The Haas VF-1 has travels of 20” x 16” x 20” (xyz), direct drive with a toothed drive belt, and a 10-hp spindle that delivers up to 7,500 rpm. It has a wide, cast-iron base that provides dependable cutting torque and superior rigidity.

“The VF-1 did two months worth of work in two days. So we were able to expand our product line, and offer more parts. Plus, the VF-1 helped us with our corporate identity. We could engrave our trademark monkey on most of our parts. That has helped us in Japan, where they won’t buy our parts without our trademark monkey,” adds Esbach.

One of the biggest differences between machining centres is found in their controls. Some are easy to use and program; some aren’t. According to Ben Esbach, who programs the VF-1, the Haas control is easy.


The control of the VF-1 is made by Haas. It’s a 32-bit Fanuc™-compatible control that executes 500 blocks per second of programming. (The only difference between old and new VF-1s is that program execution speed is now up to 1,000 blocks per second.) It features a number of Haas one-touch features, including one-touch power-up, which turns the power on, homes all axes, picks the number 1 tool and loads it into the spindle – so the machine is ready to make chips.

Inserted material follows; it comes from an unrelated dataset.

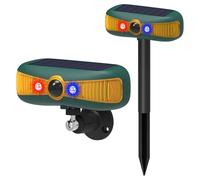 EONANT Alarma solar con sensor de movimiento para exteriores, 129 dB, sistema de alarma de doble altavoz, 13 tipos de sonido + fuerte parpadeo de luz, intruso rápido (2 unidades)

“I like the way it’s easy to set the work coordinate system offsets. You indicate a hold, touch a button and the offsets are loaded automatically. Those are the G50 codes, which are really simple to do. The offsets are really easy to enter on that machine. You touch the tool to the part, press a button and the coordinates are saved,” Ben Esbach said.

“Another feature that saves time is the editor. It’s easy to use, and quick. For example, to get to the bottom of a program, push a button and you’re there instantly. The Fanuc™ control on our other machine takes a while to scroll through the program,” reports Ben Esbach.

The Haas control has a number of features that ease programming and reduce errors, such as the ability to change between Yaznac™ and Fanuc™ settings. And, a built-in safety feature stops the program from running if the wrong tool is called up. This command can be disabled, if you want to take a chance.

“Most of the work we do on the mill is cosmetic – making parts that look good on the motorcycle. We put grooves on them, mill out fancy-shaped pockets and inscribe our name. The Haas mill makes a great engraving machine. Our logo, a monkey holding a little APE sign, is programmed on our CAM system, and engraved on the parts,” he adds.

Hole locations on parts can be pretty important; they often have to line up with fixtures. In the case of APE’s parts, the holes often must match holes on a motorcycle engine casting.

“We drill holes in the parts, then have to fit the parts into another fixture. They fit every time,” says Ben Esback. “The graphics on the control show the part being cut, and also let you know whether you’ve got your work zero coordinates set,” he said. “One-touch power-up saves us time. On our other CNC you have to load the X and Z coordinates in the morning to let the machine know where it is.”

The Haas control also has built-in online help, which helps with programming. For example, enter the coordinates to program a circle or radii, and the control will write the G-code for you. It’s almost like having a CAM system in the control.

“My CPA says he can tell when I bought each CNC machine,” adds Esbach, “because we increased our sales and profits after every purchase. In fact, we grew 1,000% in seven years. We’re finding it difficult to keep up with the orders again, so we’re going to buy a couple more Haas machines.”